-- Task description --
Span requested from the data below: the line with "Once you are" through the line with "Let's look at", both included. Give only these lines again, exactly, and leave every picture out.

-- Records shown --

---

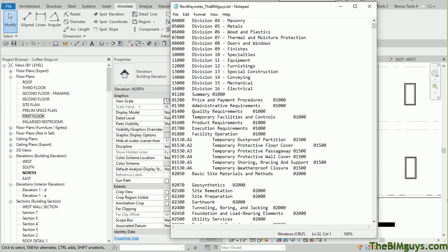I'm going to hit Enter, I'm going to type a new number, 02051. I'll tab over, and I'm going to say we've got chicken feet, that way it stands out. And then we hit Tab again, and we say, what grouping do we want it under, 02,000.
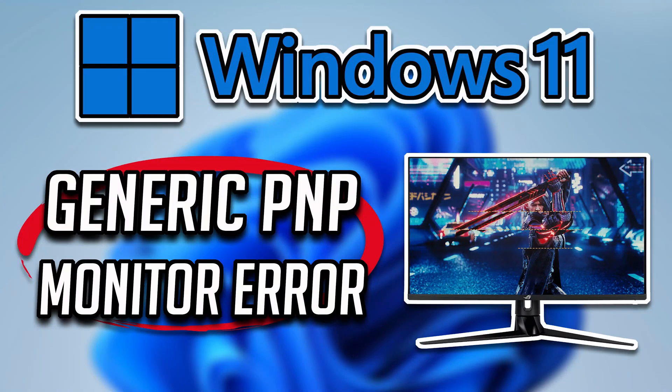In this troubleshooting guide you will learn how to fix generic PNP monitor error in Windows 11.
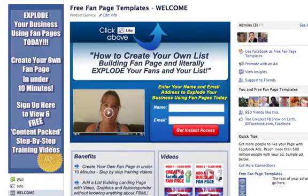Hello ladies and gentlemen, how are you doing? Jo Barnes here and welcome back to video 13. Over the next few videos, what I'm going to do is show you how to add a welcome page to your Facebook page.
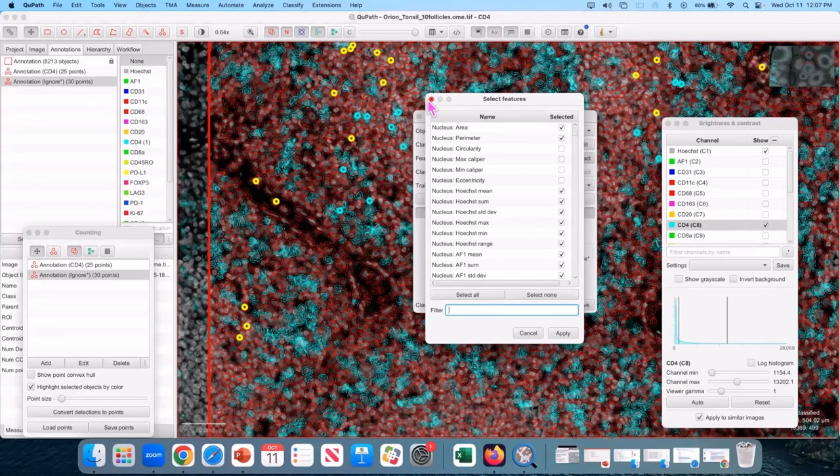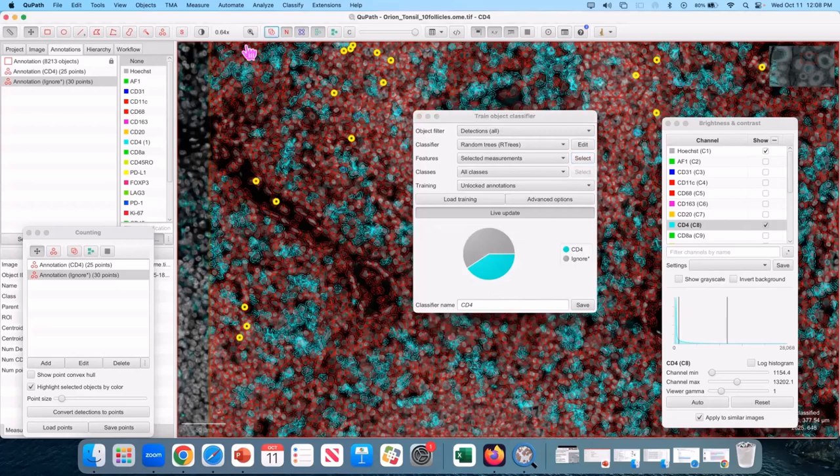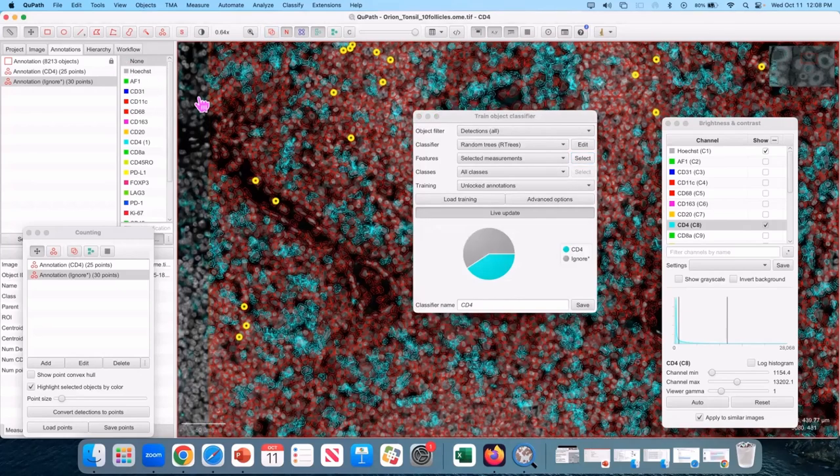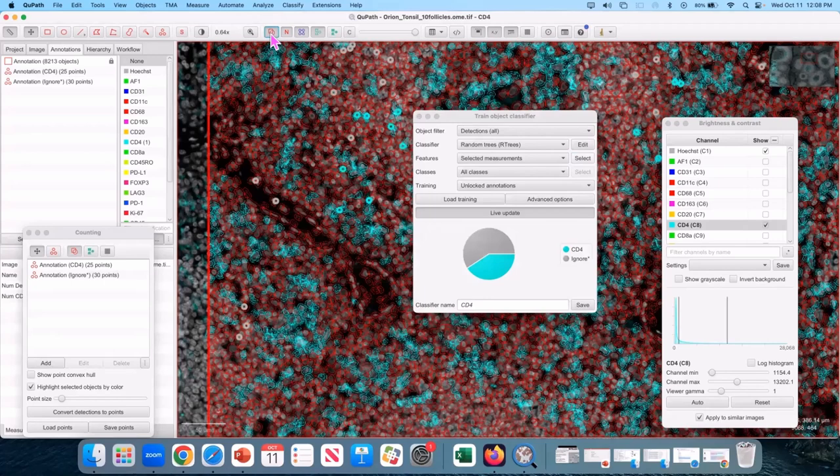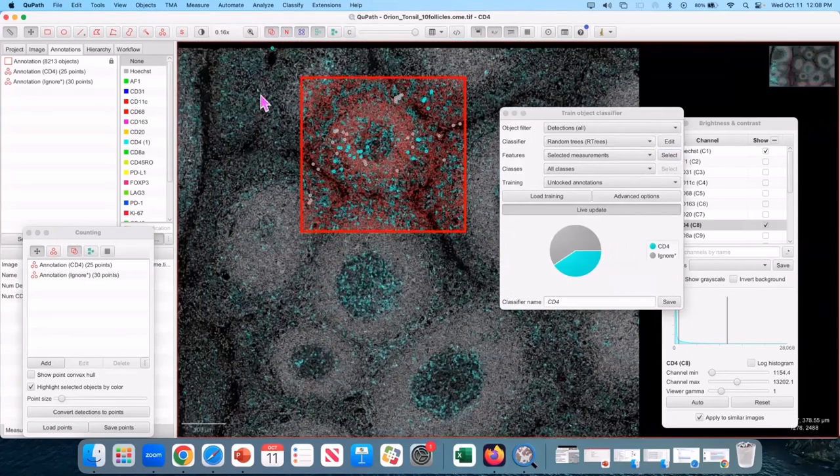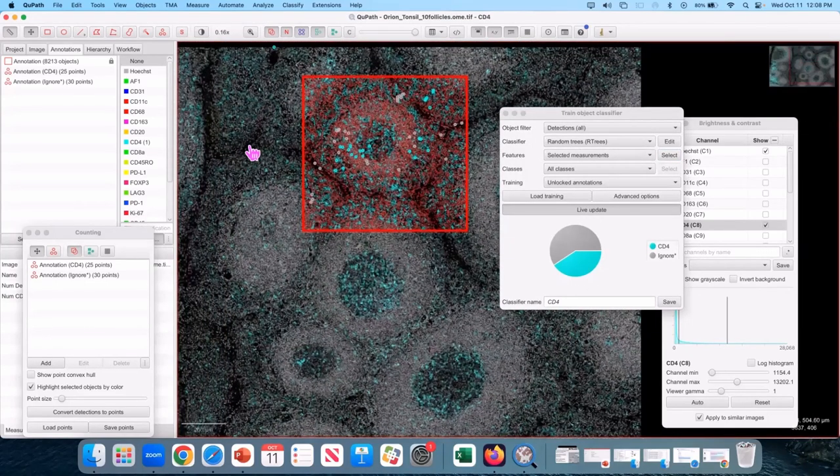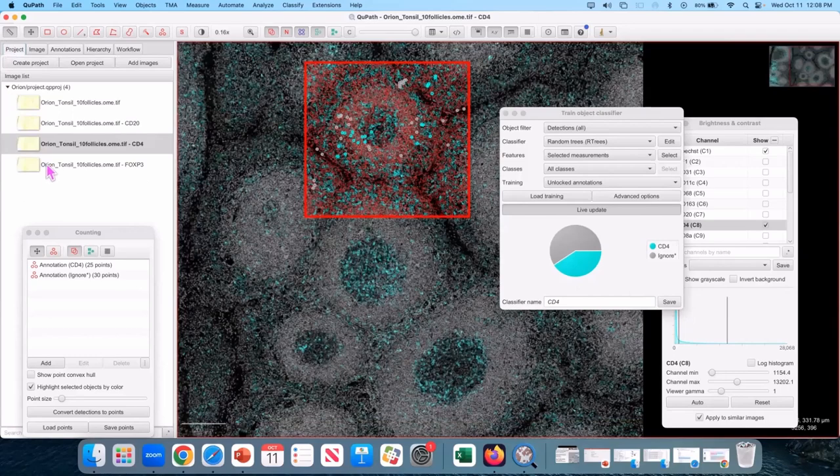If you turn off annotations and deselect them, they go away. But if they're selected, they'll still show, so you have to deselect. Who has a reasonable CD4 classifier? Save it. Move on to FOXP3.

---

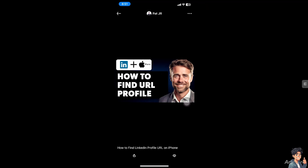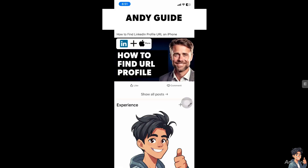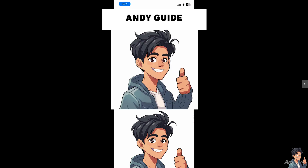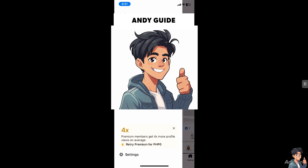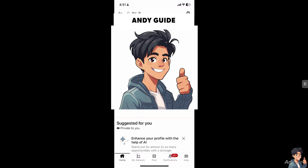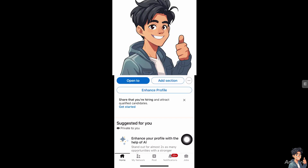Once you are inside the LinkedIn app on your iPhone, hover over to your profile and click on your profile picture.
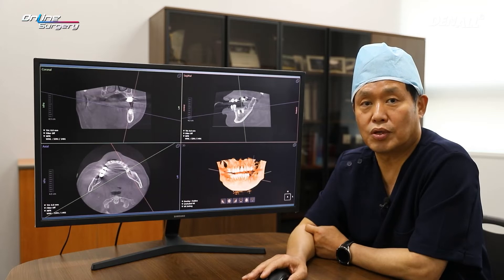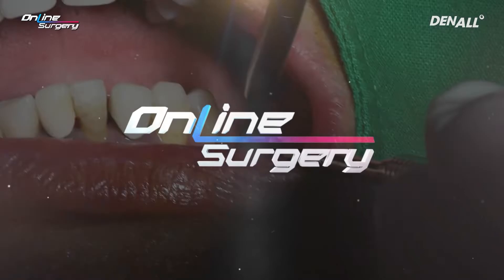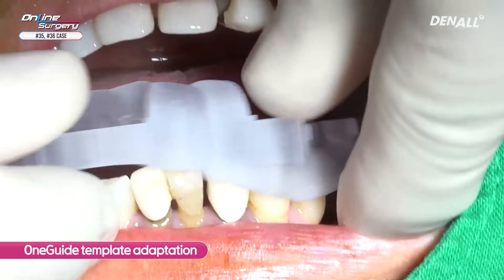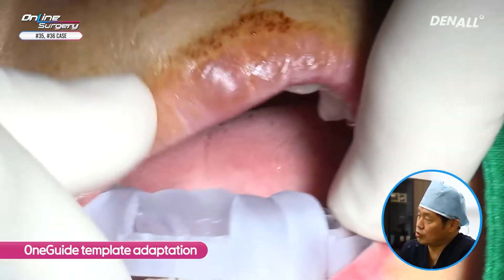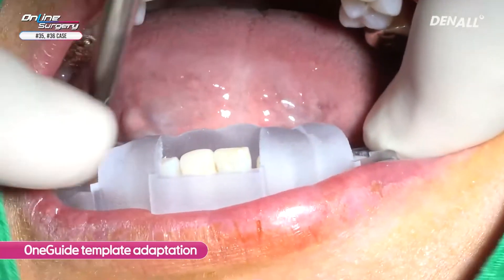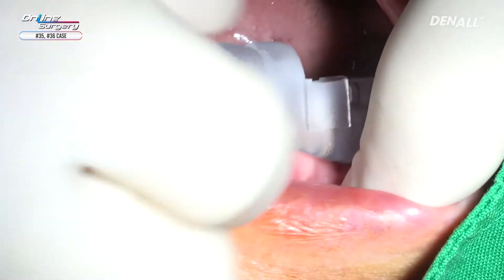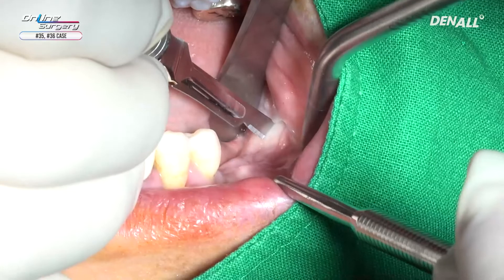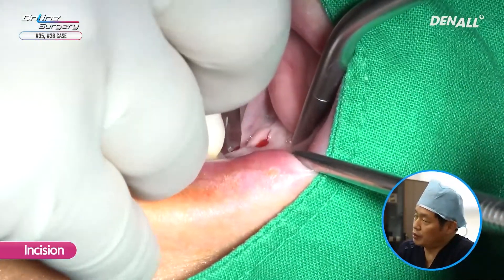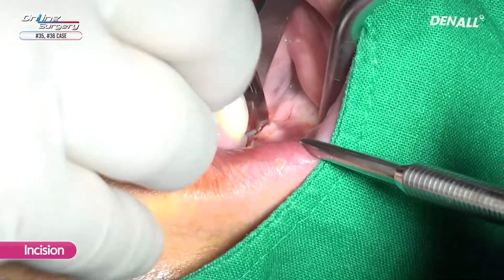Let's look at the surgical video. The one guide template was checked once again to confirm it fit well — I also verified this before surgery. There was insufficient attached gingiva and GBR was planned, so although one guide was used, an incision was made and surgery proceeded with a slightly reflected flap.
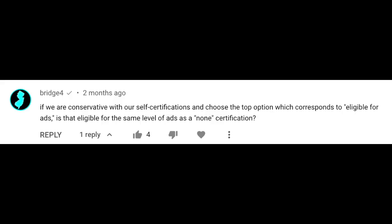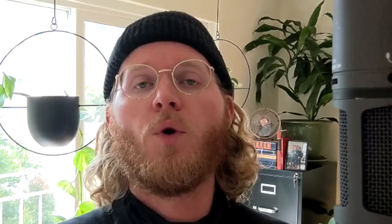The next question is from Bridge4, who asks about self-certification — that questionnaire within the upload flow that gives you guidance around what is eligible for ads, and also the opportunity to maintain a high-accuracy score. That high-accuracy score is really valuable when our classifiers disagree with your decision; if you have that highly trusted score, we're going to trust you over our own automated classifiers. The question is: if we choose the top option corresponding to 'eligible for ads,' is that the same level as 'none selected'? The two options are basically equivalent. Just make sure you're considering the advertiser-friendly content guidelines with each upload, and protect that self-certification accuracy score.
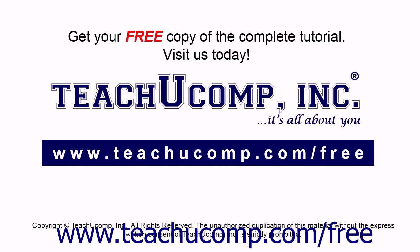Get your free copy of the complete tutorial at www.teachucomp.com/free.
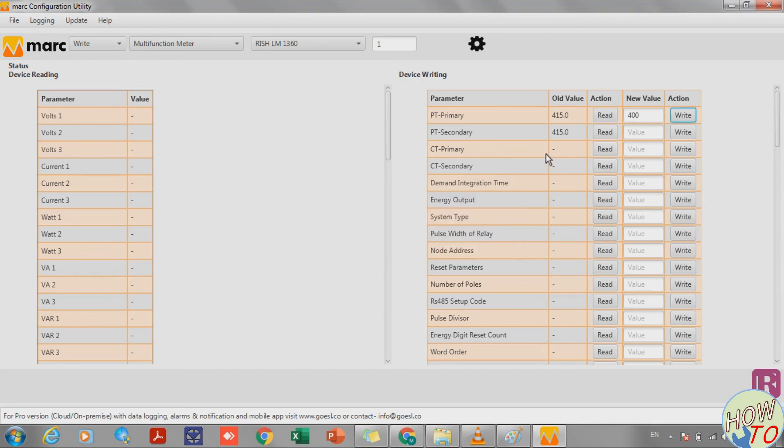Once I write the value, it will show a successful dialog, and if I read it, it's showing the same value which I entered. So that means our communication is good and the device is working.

---

-- Task response --
Once you are inside the LinkedIn app on your iPhone, hover over to your profile and click on your profile picture.
Let's look at the surgical video. The one guide template was checked once again to confirm it fit well — I also verified this before surgery. There was insufficient attached gingiva and GBR was planned, so although one guide was used, an incision was made and surgery proceeded with a slightly reflected flap.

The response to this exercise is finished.